## Dataset excerpts
--- START ---

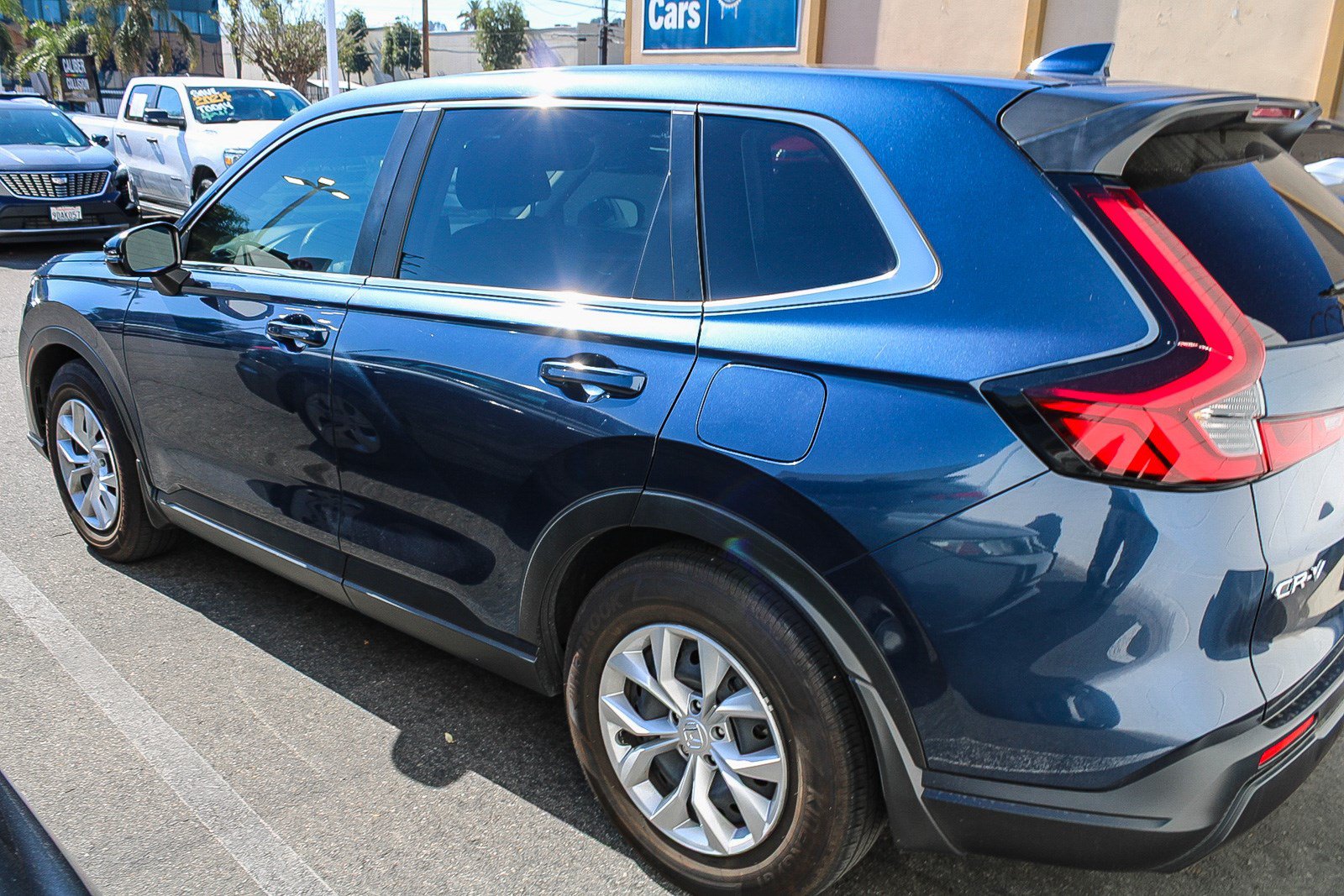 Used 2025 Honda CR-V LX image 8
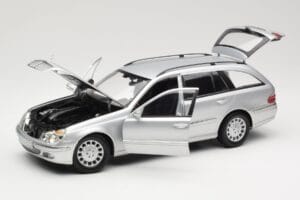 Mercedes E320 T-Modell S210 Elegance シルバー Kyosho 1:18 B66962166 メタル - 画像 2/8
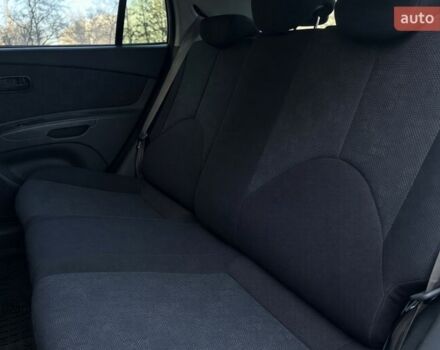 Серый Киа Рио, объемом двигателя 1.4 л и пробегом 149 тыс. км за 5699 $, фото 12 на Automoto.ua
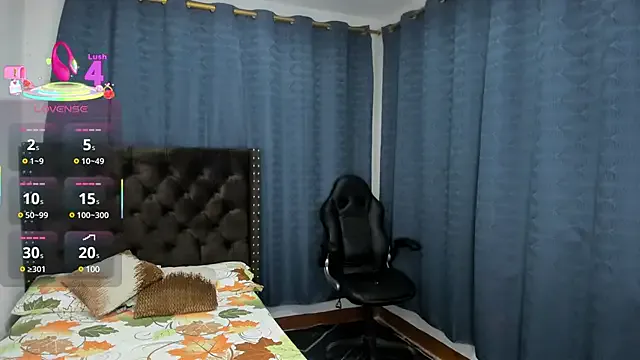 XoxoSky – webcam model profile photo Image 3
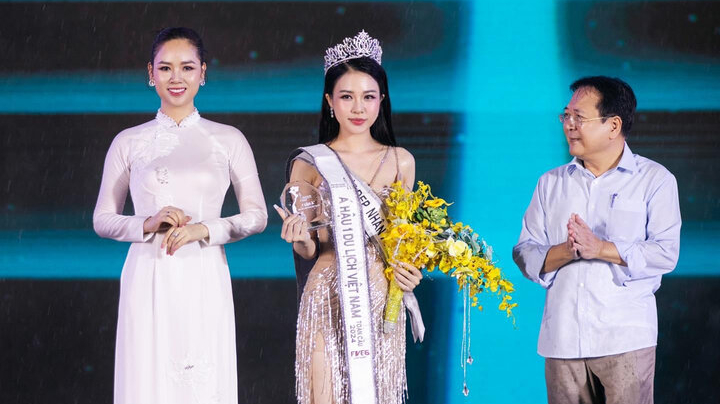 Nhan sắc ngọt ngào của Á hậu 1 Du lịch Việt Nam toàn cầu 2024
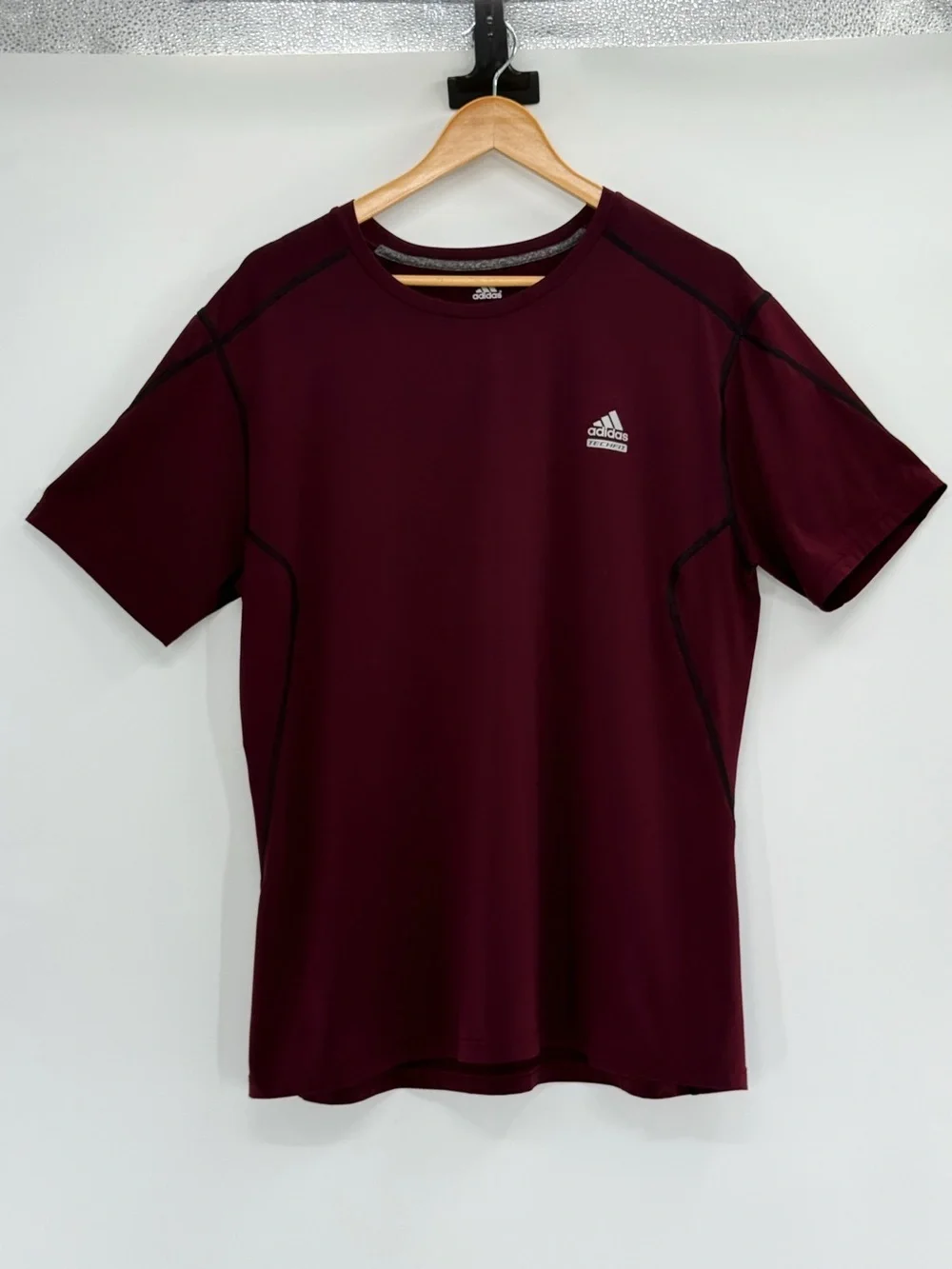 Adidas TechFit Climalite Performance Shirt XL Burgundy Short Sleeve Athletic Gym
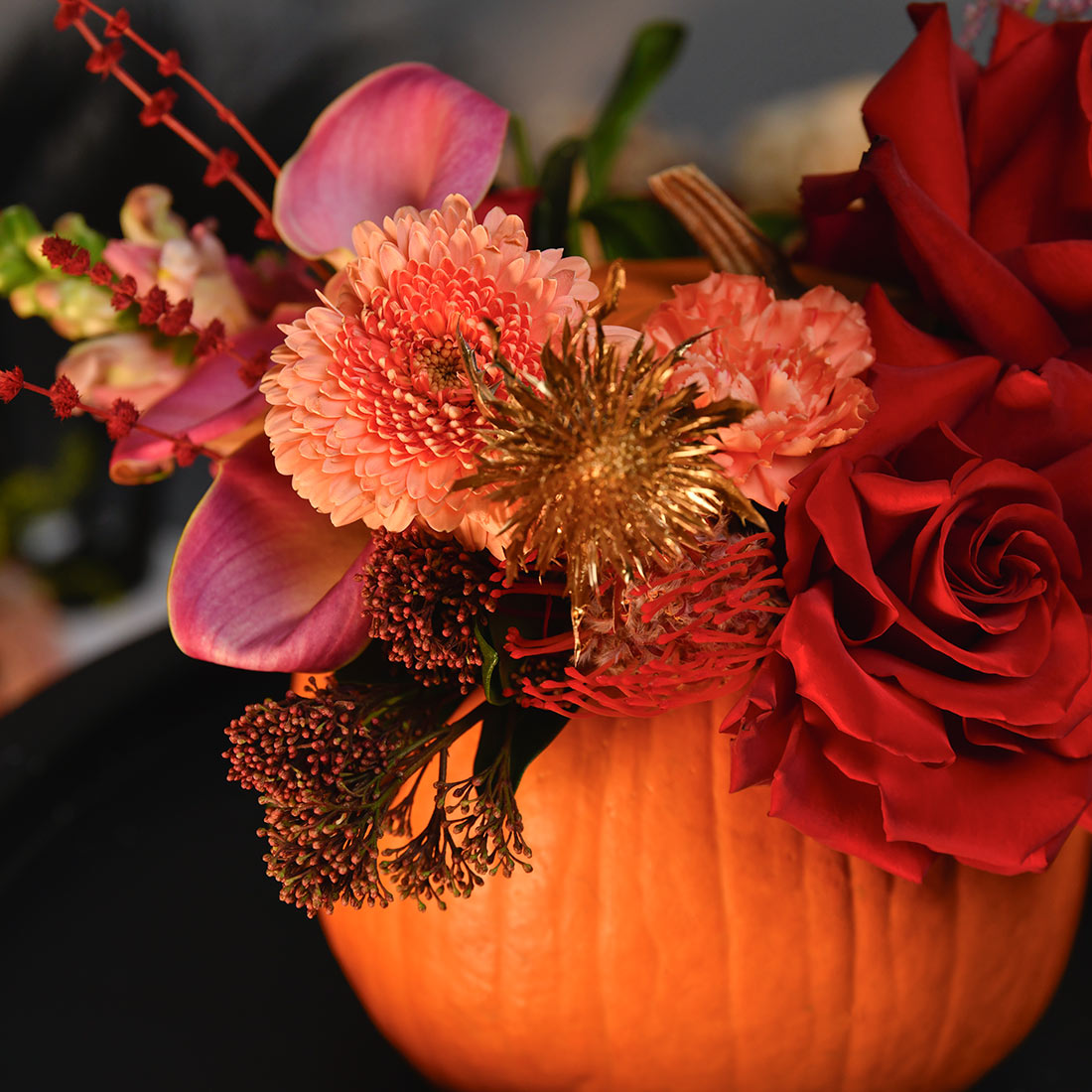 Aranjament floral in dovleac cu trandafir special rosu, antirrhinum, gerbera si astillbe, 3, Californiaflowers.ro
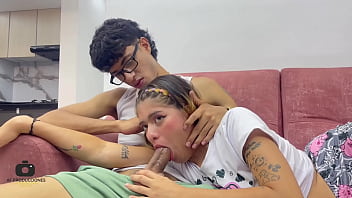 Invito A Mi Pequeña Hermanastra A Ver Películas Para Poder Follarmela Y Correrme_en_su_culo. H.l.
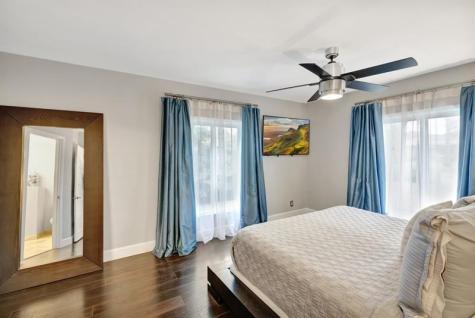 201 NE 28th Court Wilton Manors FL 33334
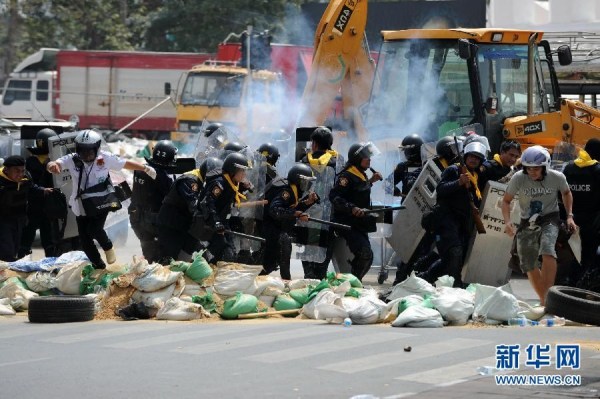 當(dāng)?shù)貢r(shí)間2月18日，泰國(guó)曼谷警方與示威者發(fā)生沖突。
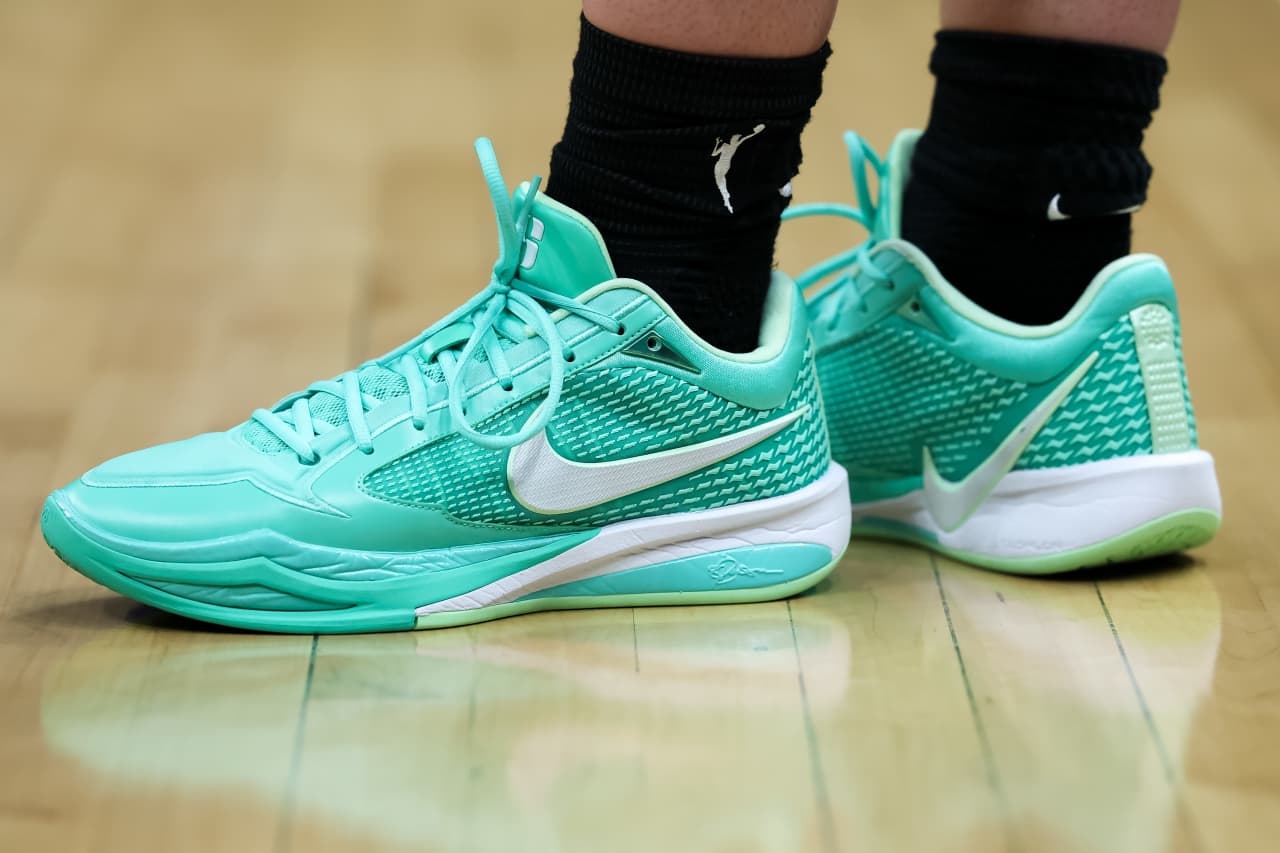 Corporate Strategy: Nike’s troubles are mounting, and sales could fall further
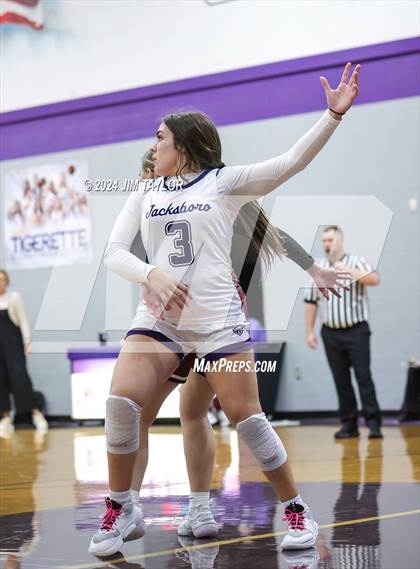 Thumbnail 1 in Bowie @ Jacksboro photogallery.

--- END ---

## What is expected
Word-for-word restatement: every line from the one with "Серый Киа Рио, объемом" through the final line of the data, both ends included, pictures excluded.

## Your solution
 Серый Киа Рио, объемом двигателя 1.4 л и пробегом 149 тыс. км за 5699 $, фото 12 на Automoto.ua
 XoxoSky – webcam model profile photo Image 3
 Nhan sắc ngọt ngào của Á hậu 1 Du lịch Việt Nam toàn cầu 2024
 Adidas TechFit Climalite Performance Shirt XL Burgundy Short Sleeve Athletic Gym
 Aranjament floral in dovleac cu trandafir special rosu, antirrhinum, gerbera si astillbe, 3, Californiaflowers.ro
 Invito A Mi Pequeña Hermanastra A Ver Películas Para Poder Follarmela Y Correrme_en_su_culo. H.l.
 201 NE 28th Court Wilton Manors FL 33334
 當(dāng)?shù)貢r(shí)間2月18日，泰國(guó)曼谷警方與示威者發(fā)生沖突。
 Corporate Strategy: Nike’s troubles are mounting, and sales could fall further
 Thumbnail 1 in Bowie @ Jacksboro photogallery.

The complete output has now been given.